Like Newman and Case, who play together in the New Pornographers, there’s chemistry in the studio between Spaltro and Nadim Issa, with whom she co-produced After.
“We have a great history of just working really well together and being in sync,” says Spaltro. “For this album, it was a very different process.”
Issa produced Spaltro’s first album, Ripely Pine, released under the name Lady Lamb the Beekeeper. Spaltro has since dropped “the Beekeeper,” she says, because it was clunky.
Spaltro says Ripley Pine was arranged in a studio and took about nine months – a very different process than the After album. “I arranged the bulk of After between tours, by myself at my computer with some gear,” she says. “I was writing orchestral arrangements with the keyboard, so I went into the studio really prepared this time with very clear intentions of what the album would sound like. The process only took a couple of months.”
After is “much more personal” than Ripley Pine, Spaltro says. “Musically and thematically, it’s more direct, more concise, and a little more focused.”
Spaltro is known for dynamic, sometimes wild, live solo performances. She says another musician’s dynamic performance – specifically, a show by Feist last year – was the most influential on her career. It took place in Portsmouth, New Hampshire, at the Music Hall Historic Theater, an elegant 900-seat auditorium that dates back to 1878.
“I’ve been a fan of Feist since around 2005 and have seen her live with a band many times over the years,” Spaltro says. “At the time I saw her in New Hampshire, I was feeling a little jaded by live music. I had really stopped going to shows and hadn’t felt moved by one in quite some time.
“She stood alone on the huge stage with just a guitar and a few effects pedals for her guitar and vocals, and used them very tastefully. It was the most mesmerizing, fulfilling, beautifully sonic experience I’ve ever had. At that point, I had been performing solo for so many years and feeling disenchanted by it.

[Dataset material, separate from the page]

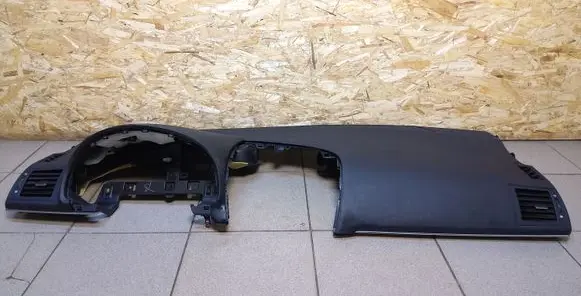 Toyota Avensis T270 Dashboard 5540105100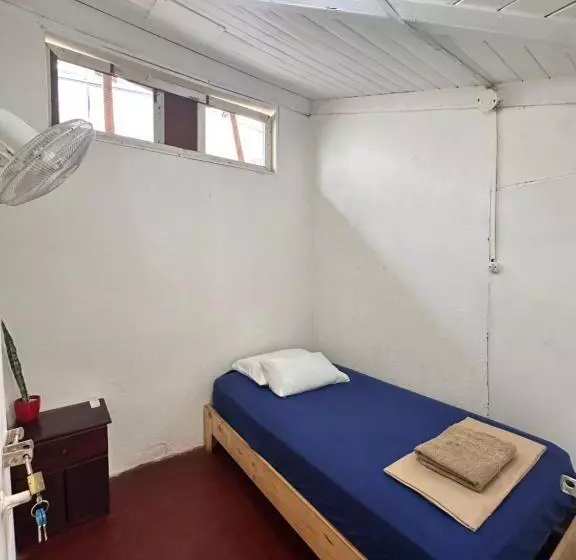 Puente Real Hostel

I was going through a phase, believing there was only value moving forward in my career if I played with a full band.
“Feist’s set completely reinvigorated me and reset my perspective,” she adds. “Her set gave me a very strong confidence in myself as a solo performer that I had lost. I left that night realizing the power that one artist can have on a room full of people. I hung on every word. Every arrangement was exquisite, and if I ever feel vulnerable on my own, I think back on that experience.”